Exercise:
Please reproduce, exactly as given, the lines running from the start of the data to the line containing "Hallway, Medium Hardwood", inclusive, and omit the pictures.

Captioned web images:
· · · · ·

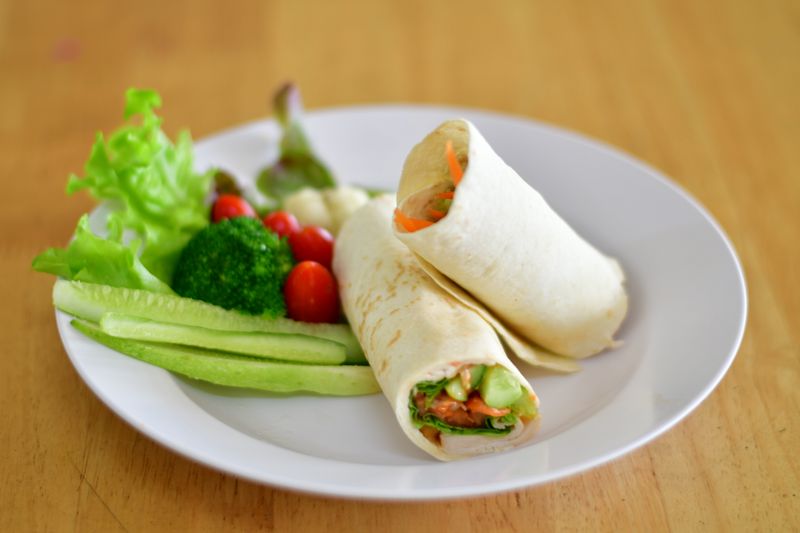 Vegan roasted veggie wrap with pesto and sun-dried tomatoes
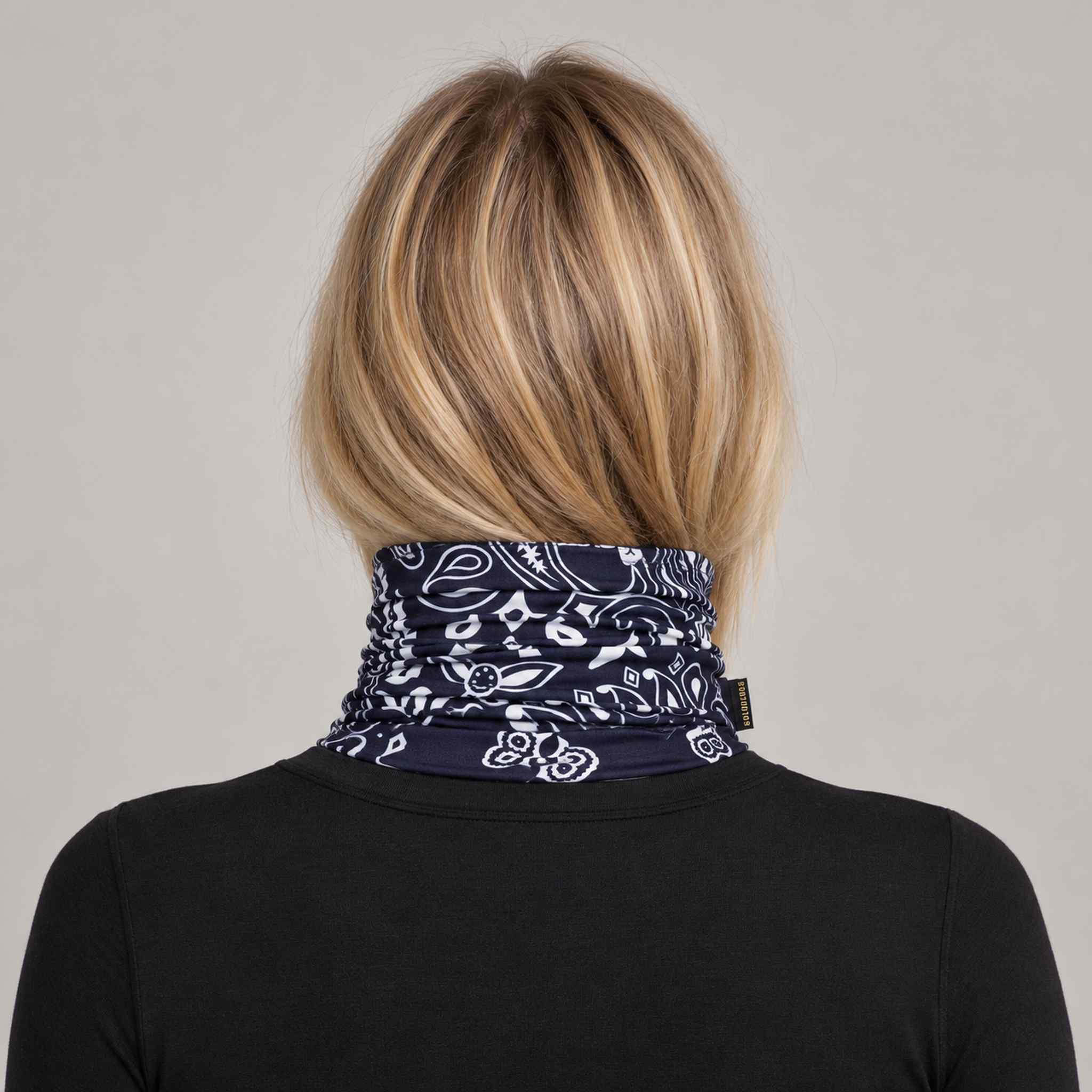 Goldbergh Kizuna Neck Gaiter in Bandana Paisley Blue in Bandana Paisley Blue — womens back. AI-generated from manufacturer reference photographs.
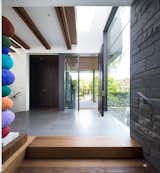 Hallway, Medium Hardwood Floor, and Slate Floor Entry Hall  Photo 14 of 17 in Pacific Spirit Residence by Frits de Vries Architects + Associates  Ltd.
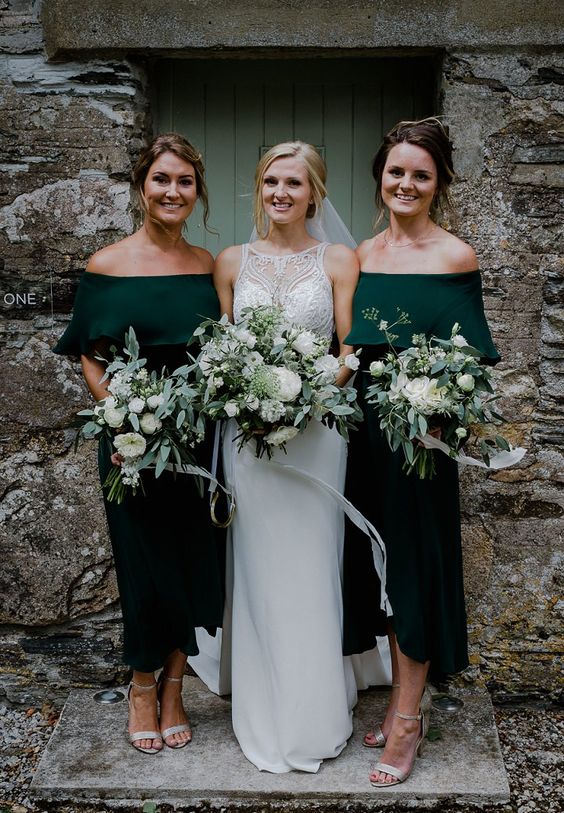 hunter green off the shoulder midi bridesmaid dresses and silver shoes plus green and white wedding bouquets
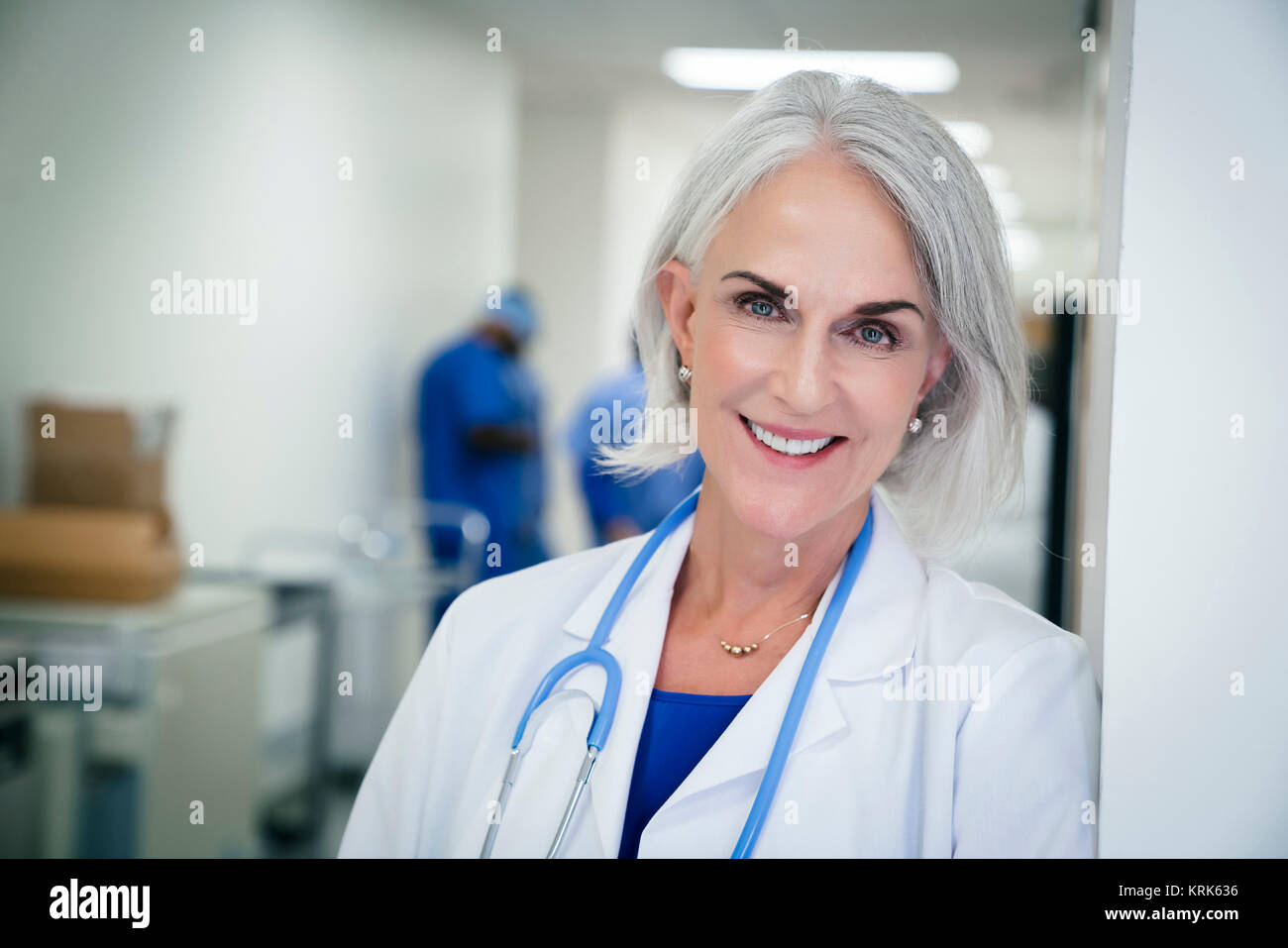 Portrait of Caucasian doctor leaning on wall in hospital Stock Photo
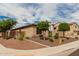Residential neighborhood with homes featuring desert landscaping and well-maintained exteriors at 9390 W Louise Dr, Peoria, AZ 85383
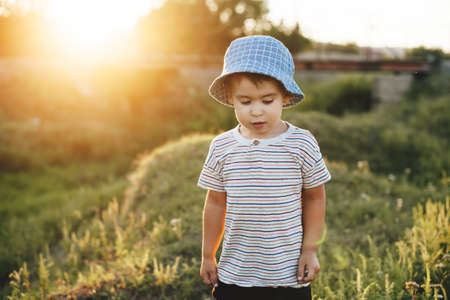 Small caucasian boy is walking in a green field wearing a summer hat during a warm sunny eveningの写真素材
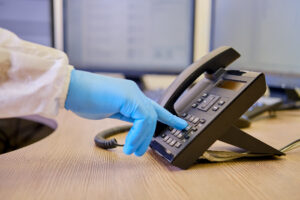 A doctor in medical uniform dials a number on a black phone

· · · · ·

Solution for this problem:
 Vegan roasted veggie wrap with pesto and sun-dried tomatoes
 Goldbergh Kizuna Neck Gaiter in Bandana Paisley Blue in Bandana Paisley Blue — womens back. AI-generated from manufacturer reference photographs.
 Hallway, Medium Hardwood Floor, and Slate Floor Entry Hall  Photo 14 of 17 in Pacific Spirit Residence by Frits de Vries Architects + Associates  Ltd.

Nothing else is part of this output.